▸ Extracted information
• • •
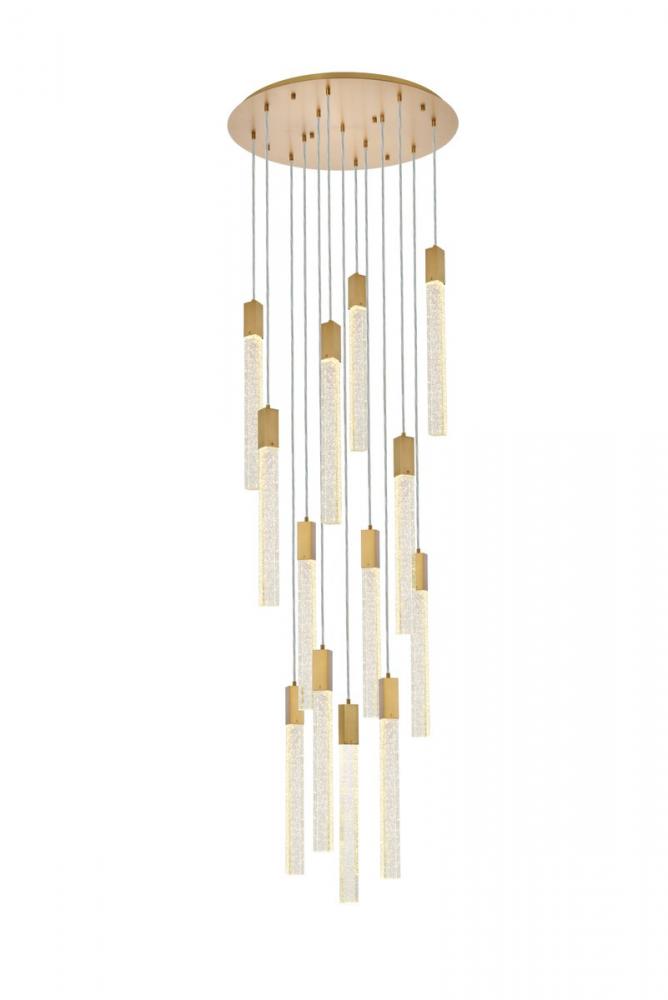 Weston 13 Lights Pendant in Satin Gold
• • •
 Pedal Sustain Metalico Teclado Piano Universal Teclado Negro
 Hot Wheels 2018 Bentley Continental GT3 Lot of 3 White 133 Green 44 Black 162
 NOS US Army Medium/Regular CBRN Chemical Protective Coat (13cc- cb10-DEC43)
• • •
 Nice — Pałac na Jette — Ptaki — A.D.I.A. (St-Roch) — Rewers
• • •
▸ Task directions
Looking back over the data above, restate word for word the lines that begin at the line with "Pedal Sustain Metalico" and end at the line with "NOS US Army", inclusive.

▸ Written solution
 Pedal Sustain Metalico Teclado Piano Universal Teclado Negro
 Hot Wheels 2018 Bentley Continental GT3 Lot of 3 White 133 Green 44 Black 162
 NOS US Army Medium/Regular CBRN Chemical Protective Coat (13cc- cb10-DEC43)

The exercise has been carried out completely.